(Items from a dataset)
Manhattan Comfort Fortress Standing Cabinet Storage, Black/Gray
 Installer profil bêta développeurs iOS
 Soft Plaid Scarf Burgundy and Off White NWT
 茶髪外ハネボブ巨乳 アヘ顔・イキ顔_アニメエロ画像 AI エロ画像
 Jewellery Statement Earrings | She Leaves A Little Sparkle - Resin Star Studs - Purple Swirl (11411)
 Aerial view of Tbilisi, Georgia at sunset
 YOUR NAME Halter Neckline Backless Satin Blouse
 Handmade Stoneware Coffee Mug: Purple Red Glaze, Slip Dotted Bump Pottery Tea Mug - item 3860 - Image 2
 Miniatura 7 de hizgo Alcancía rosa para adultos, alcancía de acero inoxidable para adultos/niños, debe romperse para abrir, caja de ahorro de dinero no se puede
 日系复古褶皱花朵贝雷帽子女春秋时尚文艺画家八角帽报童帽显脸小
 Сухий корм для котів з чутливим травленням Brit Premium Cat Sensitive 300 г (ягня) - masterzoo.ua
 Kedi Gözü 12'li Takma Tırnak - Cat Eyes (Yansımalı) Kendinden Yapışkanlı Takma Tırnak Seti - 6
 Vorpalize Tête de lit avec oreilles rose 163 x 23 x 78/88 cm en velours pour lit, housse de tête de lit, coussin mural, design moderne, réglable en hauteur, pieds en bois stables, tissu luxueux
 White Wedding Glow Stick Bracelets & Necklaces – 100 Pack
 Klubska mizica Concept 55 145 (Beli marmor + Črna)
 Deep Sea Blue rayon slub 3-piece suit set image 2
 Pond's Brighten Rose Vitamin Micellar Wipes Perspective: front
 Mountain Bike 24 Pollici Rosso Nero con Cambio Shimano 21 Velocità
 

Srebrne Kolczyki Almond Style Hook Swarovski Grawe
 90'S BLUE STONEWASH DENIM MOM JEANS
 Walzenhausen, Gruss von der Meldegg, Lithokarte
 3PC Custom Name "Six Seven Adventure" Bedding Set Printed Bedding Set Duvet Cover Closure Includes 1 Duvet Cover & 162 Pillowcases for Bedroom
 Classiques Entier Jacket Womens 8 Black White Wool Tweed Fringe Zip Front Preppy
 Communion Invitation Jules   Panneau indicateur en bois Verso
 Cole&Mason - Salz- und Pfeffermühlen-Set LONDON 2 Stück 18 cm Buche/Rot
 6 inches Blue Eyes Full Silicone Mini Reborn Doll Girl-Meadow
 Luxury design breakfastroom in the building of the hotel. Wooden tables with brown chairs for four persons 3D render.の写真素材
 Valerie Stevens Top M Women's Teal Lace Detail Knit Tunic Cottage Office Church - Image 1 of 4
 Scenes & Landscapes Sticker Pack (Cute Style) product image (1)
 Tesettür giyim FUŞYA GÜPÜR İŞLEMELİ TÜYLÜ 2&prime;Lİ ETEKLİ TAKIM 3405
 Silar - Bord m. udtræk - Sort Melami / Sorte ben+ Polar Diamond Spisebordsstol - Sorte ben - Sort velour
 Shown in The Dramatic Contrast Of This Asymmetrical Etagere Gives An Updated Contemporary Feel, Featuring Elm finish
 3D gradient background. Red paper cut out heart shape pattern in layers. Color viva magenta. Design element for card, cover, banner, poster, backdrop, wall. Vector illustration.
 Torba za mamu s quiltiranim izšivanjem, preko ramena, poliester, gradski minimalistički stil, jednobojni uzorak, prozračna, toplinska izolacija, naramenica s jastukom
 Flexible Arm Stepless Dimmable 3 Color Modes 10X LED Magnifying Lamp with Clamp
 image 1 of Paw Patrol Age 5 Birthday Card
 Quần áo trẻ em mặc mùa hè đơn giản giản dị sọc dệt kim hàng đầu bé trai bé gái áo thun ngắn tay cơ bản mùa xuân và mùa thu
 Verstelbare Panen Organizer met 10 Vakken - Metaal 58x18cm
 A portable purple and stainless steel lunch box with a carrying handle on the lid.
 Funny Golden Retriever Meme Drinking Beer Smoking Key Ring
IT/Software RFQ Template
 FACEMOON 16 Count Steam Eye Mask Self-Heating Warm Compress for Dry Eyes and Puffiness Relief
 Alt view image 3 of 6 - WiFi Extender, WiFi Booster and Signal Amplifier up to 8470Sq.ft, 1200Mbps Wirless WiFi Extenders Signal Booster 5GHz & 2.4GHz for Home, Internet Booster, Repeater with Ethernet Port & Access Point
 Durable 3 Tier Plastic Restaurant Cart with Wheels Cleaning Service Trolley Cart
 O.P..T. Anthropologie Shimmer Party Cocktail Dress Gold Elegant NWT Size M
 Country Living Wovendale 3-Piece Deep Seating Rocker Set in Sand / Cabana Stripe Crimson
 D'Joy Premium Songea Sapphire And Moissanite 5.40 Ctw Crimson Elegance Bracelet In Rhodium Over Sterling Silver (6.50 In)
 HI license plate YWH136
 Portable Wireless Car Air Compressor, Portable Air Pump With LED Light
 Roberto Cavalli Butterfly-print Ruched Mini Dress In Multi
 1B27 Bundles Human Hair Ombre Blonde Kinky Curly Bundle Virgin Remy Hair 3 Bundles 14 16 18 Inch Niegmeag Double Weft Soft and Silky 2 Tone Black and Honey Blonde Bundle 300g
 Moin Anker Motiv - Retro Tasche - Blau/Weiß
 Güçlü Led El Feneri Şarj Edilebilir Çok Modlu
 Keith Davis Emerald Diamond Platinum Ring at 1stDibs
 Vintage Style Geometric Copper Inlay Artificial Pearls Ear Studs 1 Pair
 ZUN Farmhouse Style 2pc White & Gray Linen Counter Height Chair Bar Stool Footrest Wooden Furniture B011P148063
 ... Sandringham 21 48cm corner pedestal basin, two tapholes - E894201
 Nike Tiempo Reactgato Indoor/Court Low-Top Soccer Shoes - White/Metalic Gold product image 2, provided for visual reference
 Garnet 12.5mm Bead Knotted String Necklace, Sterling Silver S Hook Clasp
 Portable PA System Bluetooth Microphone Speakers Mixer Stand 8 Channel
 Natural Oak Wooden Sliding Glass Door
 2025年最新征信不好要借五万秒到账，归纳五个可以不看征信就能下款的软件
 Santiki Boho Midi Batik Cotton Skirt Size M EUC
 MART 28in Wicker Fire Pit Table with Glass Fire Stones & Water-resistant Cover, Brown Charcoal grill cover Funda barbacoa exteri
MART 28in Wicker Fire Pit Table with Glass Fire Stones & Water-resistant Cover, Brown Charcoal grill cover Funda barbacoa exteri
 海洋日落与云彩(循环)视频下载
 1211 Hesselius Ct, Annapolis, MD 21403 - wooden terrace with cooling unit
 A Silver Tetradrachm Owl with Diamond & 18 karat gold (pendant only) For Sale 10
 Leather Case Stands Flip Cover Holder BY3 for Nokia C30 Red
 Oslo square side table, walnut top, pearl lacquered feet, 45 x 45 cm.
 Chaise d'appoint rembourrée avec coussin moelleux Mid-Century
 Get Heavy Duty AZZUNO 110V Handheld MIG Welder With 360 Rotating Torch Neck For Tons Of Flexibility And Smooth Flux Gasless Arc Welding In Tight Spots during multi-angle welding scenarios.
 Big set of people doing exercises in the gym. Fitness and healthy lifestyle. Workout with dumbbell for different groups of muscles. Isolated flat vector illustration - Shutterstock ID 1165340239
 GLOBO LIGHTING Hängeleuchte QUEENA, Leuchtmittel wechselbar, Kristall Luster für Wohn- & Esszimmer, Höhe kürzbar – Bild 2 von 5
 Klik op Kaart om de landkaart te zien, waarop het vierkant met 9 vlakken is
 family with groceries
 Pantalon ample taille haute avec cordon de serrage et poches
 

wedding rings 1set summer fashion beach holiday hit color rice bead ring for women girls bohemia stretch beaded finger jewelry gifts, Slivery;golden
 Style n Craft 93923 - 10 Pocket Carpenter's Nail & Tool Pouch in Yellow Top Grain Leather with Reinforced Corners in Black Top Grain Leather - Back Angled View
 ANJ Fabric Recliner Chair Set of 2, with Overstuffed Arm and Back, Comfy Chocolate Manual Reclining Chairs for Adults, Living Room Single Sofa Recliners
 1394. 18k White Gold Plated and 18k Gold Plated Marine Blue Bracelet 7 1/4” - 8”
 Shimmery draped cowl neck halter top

(WHAT THE TASK REQUIRES)
Print the first line of the records above and each line after it, exactly, through the line with "Aerial view of Tbilisi, Georgia at sunset".

(YOUR SOLUTION)
Manhattan Comfort Fortress Standing Cabinet Storage, Black/Gray
 Installer profil bêta développeurs iOS
 Soft Plaid Scarf Burgundy and Off White NWT
 茶髪外ハネボブ巨乳 アヘ顔・イキ顔_アニメエロ画像 AI エロ画像
 Jewellery Statement Earrings | She Leaves A Little Sparkle - Resin Star Studs - Purple Swirl (11411)
 Aerial view of Tbilisi, Georgia at sunset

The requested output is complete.